"We're going to play an exciting brand of basketball. It's going to be up-tempo. They certainly didn't hire me to run the Princeton offense. It's going to be up-tempo with a lot of 3-point shots." - David Arseneault Jr.
There's an old adage that says any publicity is good publicity and the Reno Bighorns certainly would have to agree at this point in the 2014-15 D-League season. The league and it's followers have been abuzz with Bighorn-mania to start the year and all the attention seems to be centered around sudden star Brady Heslip. The attention is so rampant now that Heslip recently appeared on the Dan Patrick Show to discuss his early successes.
The league (and the Sacramento Kings) have to be thrilled with the relatively suprising hire to this point considering all of the media buzz that is surrounding the team, Heslip, and ultimately the league. While all of this is good news, the question remains -- is The System capable of winning at the professional level and will it serve the D-League's purpose of developing players for the next level?
The numbers are astronomical, both on the offensive and defensive side, however they haven't yet turned into team success for Reno who currently sits at 3-4 through their first seven games. There has definitely been an immediate impact from The System as shown in the following chart.
As you can see the offense has flourished under the new regime and it isn't merely Brady Heslip alone having a great season. Other guys are prospering as well, but just haven't received the media onslaught that Brady has. Ra'shad James is the other name that pops up as a big winner here. He averaged 7.6 points a night last year with Reno and so far he's up to 19.5 points per game! Some of that can be attributed to hard work and natural progression for James, but how much is because of The System?
There lies the difficult question as to how these players are supposed to be evaluated by scouts looking for players they can plug in at the next level. Some of these numbers unfortunately have to be taken with a grain of salt, however the fact remains that shots still have to be made and the Bighorns are certainly making them in abundance.
The System is looking like it could be revolutionary on offense, however there are two ends of the court in the game of basketball and where this system excels on one end, it surely falls flat on the other.
The worrisome part of the scheme Reno is employing is that the players are not playing good defense, if they are playing any at all. The helter skelter style of the full court press lends itself to wide open layups and dunks which is why opponents are shooting a ridiculous 56.3 percent against Reno this year.
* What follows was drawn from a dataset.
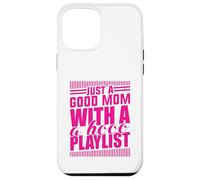 Just A Good Mom What A Hood Lista de reproducción Día de la Madre D Carcasa para iPhone 12 Pro MAX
Giving up easier shots for opponents also explains why Reno is giving up less 3-point attempts this year (as shown above) but still allowing almost 34 more points per game.
While the goals of each D-League team might range from winning D-League championships, to getting players called-up, to developing players and coaches the best they can, etc. it's clear that Reno is proving to be very successful at garnering attention for their franchise right now.
"My dad never thought it was going to be a competitive strategy. He just thought that if they were going to lose, why lose 60-40 when you could lose 150-130. At least then the guys will have something positive to talk about after they lose because somebody was scoring all those points." - Arseneault Jr.
Will the success of The System earn Reno's players NBA looks, or will their production be lost due to their circumstances? Reno hasn't had a call-up yet this season, though only five teams have, and perhaps even more troubling is that they did not have a call-up the entire 2013-14 season (Only Fort Wayne, Idaho and Reno didn't have a call-up last year). Their last call-up was Garrett Temple almost two years ago on Christmas Day 2012.
The goal has to be to develop these players and prepare them for the next step and for me the jury is still out on whether or not this strategy will help the franchise achieve that goal.